Because here’s what changed on that Sunday morning. Death didn’t just release a prisoner. A King took his throne.
The Tomb Was a Throne Room
When Jesus walked out of that grave, something happened in the spiritual order of the universe. It wasn’t quiet. It wasn’t private. It was a public declaration.
Paul says it plainly in Romans 1:4: Jesus “was declared to be the Son of God in power according to the Spirit of holiness by his resurrection from the dead.” The resurrection wasn’t God whispering that everything was okay. It was God shouting to every power, every principality, and every dark corner of creation: This is my King. And he has won.

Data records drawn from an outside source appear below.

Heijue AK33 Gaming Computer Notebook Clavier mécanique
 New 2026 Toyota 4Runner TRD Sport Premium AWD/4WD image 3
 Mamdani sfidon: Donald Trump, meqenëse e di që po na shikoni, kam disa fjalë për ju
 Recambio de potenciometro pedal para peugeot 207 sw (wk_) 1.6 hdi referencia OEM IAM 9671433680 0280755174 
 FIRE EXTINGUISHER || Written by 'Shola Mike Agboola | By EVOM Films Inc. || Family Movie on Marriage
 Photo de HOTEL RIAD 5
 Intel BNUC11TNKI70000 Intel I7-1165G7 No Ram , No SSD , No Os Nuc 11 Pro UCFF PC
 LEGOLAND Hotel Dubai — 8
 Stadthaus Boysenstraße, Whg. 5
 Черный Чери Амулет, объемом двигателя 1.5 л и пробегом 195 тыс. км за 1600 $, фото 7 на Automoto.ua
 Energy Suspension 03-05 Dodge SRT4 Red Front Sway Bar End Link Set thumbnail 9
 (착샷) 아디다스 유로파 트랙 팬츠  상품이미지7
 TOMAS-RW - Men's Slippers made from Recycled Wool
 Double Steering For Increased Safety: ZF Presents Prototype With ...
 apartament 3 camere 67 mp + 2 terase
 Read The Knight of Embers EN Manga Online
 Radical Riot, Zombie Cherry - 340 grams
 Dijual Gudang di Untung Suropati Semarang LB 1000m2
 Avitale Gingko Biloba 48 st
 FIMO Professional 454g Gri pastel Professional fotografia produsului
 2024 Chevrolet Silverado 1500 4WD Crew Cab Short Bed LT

Then Jesus stood before his disciples and said something that should have stopped them cold:
“All authority in heaven and on earth has been given to me” (Matthew 28:18).
All authority. Not some. Not spiritual authority with an asterisk. All of it. Over sickness. Over sin. Over death. Over governments and galaxies.
That is not the language of a gentle teacher who came to give good advice. That is the language of a King who has just been crowned.
And here’s why that changes everything for you today.
You’re Not Following a Memory
There’s a version of Christianity that treats Jesus like a historical figure – someone who did great things two thousand years ago, whose teachings we now try to apply to modern life. We read about what he did then. We try to imitate it now. We wait for him to come back someday.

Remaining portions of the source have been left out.